2. In geval van een oppositie tegen een internationale aanvraag wordt de proceduretaal door opposant gekozen uit de werktalen van het Bureau. Indien opposant kiest voor een van de officiële talen van het Bureau, kan verweerder binnen een termijn van een maand na de datum van de kennisgeving van ontvankelijkheid aangeven daarmee niet akkoord te gaan en kiezen voor de andere officiële taal van het Bureau. Indien opposant voor het Engels kiest, kan verweerder binnen een termijn van een maand na de datum van de kennisgeving van ontvankelijkheid aangeven daarmee niet akkoord te gaan en kiezen voor een van de officiële talen van het Bureau.

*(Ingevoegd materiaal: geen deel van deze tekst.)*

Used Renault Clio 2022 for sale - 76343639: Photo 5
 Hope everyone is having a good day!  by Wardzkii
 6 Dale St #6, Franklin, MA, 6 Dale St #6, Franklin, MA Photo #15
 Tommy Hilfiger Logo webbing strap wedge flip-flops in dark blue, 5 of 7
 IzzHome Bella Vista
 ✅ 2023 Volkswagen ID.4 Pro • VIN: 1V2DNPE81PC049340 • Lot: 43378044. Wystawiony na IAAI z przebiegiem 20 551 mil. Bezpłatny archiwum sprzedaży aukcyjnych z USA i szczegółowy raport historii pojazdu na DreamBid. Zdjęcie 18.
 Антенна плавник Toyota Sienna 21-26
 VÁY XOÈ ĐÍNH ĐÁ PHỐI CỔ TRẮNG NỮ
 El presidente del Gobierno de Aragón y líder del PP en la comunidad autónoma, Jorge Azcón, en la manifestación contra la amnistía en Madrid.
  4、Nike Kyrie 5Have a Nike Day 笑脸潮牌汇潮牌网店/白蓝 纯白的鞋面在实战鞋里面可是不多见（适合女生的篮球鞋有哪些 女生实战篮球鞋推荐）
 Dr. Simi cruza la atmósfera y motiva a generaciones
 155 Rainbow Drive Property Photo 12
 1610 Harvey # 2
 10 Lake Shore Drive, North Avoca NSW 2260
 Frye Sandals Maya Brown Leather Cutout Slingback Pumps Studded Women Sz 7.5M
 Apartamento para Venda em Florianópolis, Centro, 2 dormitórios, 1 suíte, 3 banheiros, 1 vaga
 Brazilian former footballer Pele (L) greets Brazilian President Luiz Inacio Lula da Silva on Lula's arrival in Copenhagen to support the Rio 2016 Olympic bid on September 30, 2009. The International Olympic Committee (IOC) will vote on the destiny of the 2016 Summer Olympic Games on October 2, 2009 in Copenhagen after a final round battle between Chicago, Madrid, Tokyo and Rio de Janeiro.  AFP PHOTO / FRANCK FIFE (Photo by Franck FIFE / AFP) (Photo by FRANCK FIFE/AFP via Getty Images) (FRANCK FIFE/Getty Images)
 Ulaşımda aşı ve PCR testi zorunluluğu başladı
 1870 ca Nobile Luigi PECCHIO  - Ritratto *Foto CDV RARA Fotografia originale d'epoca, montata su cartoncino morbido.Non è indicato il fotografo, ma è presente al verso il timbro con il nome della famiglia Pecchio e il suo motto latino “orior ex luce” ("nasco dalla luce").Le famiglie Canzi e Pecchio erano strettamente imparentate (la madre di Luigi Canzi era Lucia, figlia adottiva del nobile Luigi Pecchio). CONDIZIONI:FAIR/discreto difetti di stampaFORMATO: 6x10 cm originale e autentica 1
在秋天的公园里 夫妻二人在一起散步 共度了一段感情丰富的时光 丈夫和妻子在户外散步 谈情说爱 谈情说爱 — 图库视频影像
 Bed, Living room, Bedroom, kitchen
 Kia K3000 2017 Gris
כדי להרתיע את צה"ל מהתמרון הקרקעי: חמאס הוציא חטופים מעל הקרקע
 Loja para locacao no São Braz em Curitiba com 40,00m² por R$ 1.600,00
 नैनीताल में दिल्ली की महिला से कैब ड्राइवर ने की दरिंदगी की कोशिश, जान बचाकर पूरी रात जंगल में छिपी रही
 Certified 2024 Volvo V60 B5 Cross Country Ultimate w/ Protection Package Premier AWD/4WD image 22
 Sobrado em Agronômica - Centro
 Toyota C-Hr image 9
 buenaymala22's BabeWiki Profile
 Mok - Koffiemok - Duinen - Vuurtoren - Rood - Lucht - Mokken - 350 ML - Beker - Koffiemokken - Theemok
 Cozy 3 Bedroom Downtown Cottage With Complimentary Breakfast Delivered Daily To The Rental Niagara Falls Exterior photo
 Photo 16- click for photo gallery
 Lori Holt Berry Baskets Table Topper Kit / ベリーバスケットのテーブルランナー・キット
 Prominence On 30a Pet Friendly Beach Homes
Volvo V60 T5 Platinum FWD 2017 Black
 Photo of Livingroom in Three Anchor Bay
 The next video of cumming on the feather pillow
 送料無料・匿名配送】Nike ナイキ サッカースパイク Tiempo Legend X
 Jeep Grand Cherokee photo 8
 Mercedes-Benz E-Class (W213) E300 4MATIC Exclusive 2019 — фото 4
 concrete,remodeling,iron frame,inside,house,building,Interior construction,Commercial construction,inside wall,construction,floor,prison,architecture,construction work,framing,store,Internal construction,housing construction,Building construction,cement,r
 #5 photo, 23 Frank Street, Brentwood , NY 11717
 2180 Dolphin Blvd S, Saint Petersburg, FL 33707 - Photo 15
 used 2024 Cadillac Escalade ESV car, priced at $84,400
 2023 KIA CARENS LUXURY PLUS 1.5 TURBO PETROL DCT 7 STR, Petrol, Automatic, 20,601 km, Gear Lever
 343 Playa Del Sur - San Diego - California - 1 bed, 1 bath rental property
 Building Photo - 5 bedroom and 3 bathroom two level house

Bij uitblijven van een reactie van verweerder op de taalkeuze van opposant is de proceduretaal de taal gekozen door opposant.

 

3. In afwijking van het in de leden 1 en 2 bepaalde kunnen partijen gezamenlijk kiezen voor een andere proceduretaal.

 

4. De keuze voor een proceduretaal wordt gemaakt als volgt:

a. de opposant geeft bij de akte van oppositie de werktaal van het Bureau aan die zijn voorkeur heeft als proceduretaal;

b. indien de verweerder zich kan verenigen met de taalkeuze van opposant deelt hij dit binnen een termijn van een maand na de datum van de kennisgeving van ontvankelijkheid van de oppositie mede.

 

5. Het Bureau deelt de proceduretaal mede aan partijen.

 

6. De oppositiebeslissing wordt opgesteld in de proceduretaal.